But the reality of this periodic powerlessness in the Middle Ages could alter neither Castile's political conception nor its legal organization, which had been woven together over seven centuries; even less at a time when feudalism in Europe was heading toward its own demise and the revival of Roman law--entre nous, very early--added in theory to the power of kings. Besides, the combination of the lack of organization on the part of a Castilian nobility characterized by a spirit of discord, and the power of the municipalities and cities--which had learned how to come together and, in exchange for new liberties and their intervention in the government (the Castilian parliament was the European one most dominated by the third estate), supported the monarchy against the aristocracy--impeded the aristocracy from turning their new economic and political clout into legal advantages. As a result Castile approached the modern age with a monarchy that, once it had divided the popular element and subjected its assemblies, was omnipotent de iure. And when the Catholic Kings saw to it that this omnipotence would also be de facto, the modern state emerged among us earlier and with more power than among any other people in the West. If this gave us hegemony in Europe in the sixteenth century, it also permitted the monarchs to create their state-church (already outlined by Ranke and admirably defined by Fernando de los Rios); a state-church in the sense that that, as in Italy or in Russia today, the state stops being a "coordinating organ of actions, that is tolerant toward thought" and becomes a church that, in the name of a dogmatic ideal, defines and condemns. If the political inheritance of the Middle Ages contributed in this way to our military power in the modern age, facilitating the creation of a super-state, it also played a role in our demise. Because if other peoples constituted their ideal of state-church in the greatness of their homeland (as Russia has recently done, connecting it to the world revolution), Spain imagined it as the maintenance of the Catholic unity of the world and then sacrificed its own life to it.

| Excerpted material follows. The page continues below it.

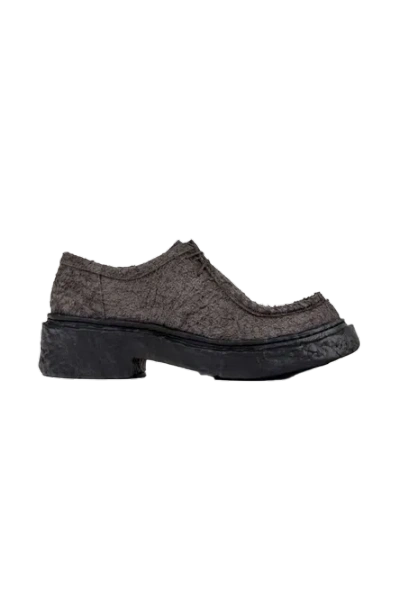 Camper Lab Vamonos Distressed Leather Derby Shoes Grey In Gray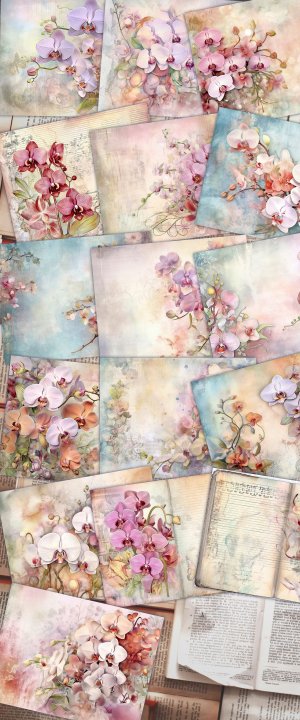 Fairy Tale Watercolor Orchids Junk Journal Background, Floral Nature Journal Paper, Muted Colors, Digital Printable, Perfect for Invitations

The damaging effect of Islam on the economy is also palpable. This manifested itself, in the first place, just as it did in the case of political organization: as an initial retardation in relation to Europe. Christian Spain spun for five centuries in the economic orbit of Islamized Spain and the Frankish empire, yet it limited itself to being a consumer country with negligible industrial production and a commerce totally monopolized by the Muslims and the Jews of the south and by the Franks in the north. For nearly four hundred years the Christian kingdoms employed almost no other minted currency than the Frankish and the Arab, and the kings of Castile put off for almost another hundred years the minting of a gold numerio.  And just as they had done when fabricating the silver numerio at the end of the eleventh century, so they did when they created the gold numerio in the last third of the twelfth: they faithfully imitated the Frankish and Arab coins respectively. In Christian Spain, there was no room for economic activity; the reconquest absorbed all the energies of the society and, so, for the duration of this most decisive period in the development of the European economy, European Spain remained stagnant, with a miserable economic life, and within the sphere of influence of the Islamized countries.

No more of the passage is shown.